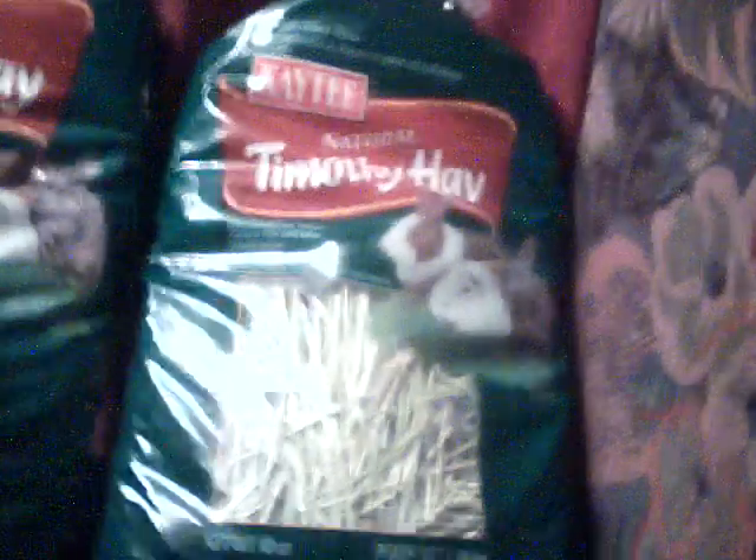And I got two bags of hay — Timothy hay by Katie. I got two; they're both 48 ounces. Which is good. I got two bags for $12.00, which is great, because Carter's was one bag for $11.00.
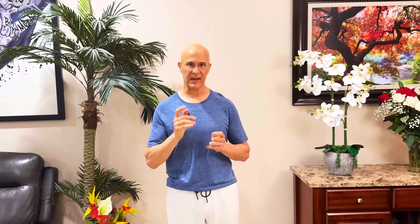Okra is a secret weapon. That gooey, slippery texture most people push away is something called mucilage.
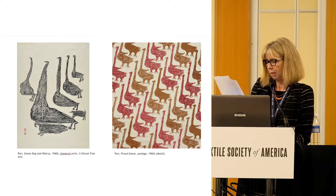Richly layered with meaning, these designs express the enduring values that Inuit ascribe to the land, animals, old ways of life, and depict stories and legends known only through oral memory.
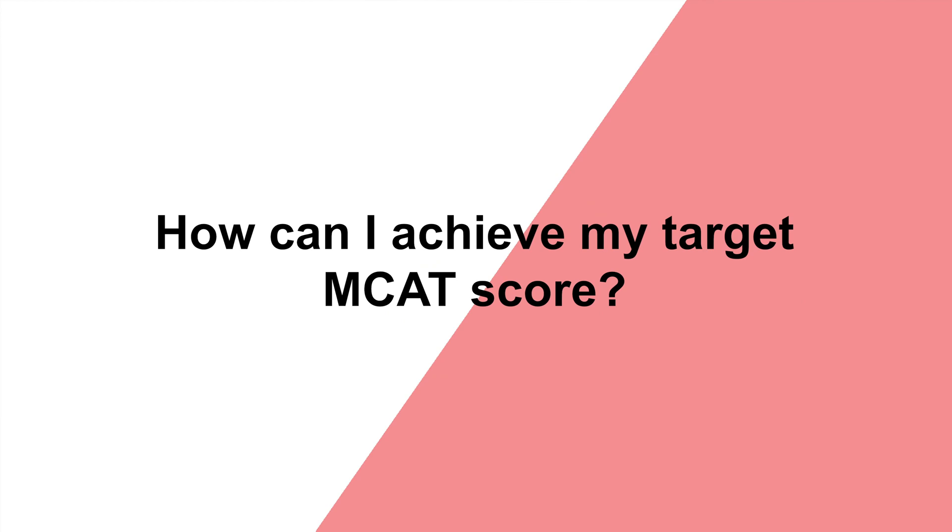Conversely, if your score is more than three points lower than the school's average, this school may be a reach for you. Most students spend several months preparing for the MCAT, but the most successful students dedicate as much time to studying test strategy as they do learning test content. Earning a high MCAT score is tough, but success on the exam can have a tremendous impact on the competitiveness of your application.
* * * * * * * * *
▶ [THE PROBLEM] Only the pictures are to be dropped; return everything else in the listing exactly.

▶ [ANSWER TO THIS EXERCISE]
And I got two bags of hay — Timothy hay by Katie. I got two; they're both 48 ounces. Which is good. I got two bags for $12.00, which is great, because Carter's was one bag for $11.00.
Okra is a secret weapon. That gooey, slippery texture most people push away is something called mucilage.
Richly layered with meaning, these designs express the enduring values that Inuit ascribe to the land, animals, old ways of life, and depict stories and legends known only through oral memory.
Conversely, if your score is more than three points lower than the school's average, this school may be a reach for you. Most students spend several months preparing for the MCAT, but the most successful students dedicate as much time to studying test strategy as they do learning test content. Earning a high MCAT score is tough, but success on the exam can have a tremendous impact on the competitiveness of your application.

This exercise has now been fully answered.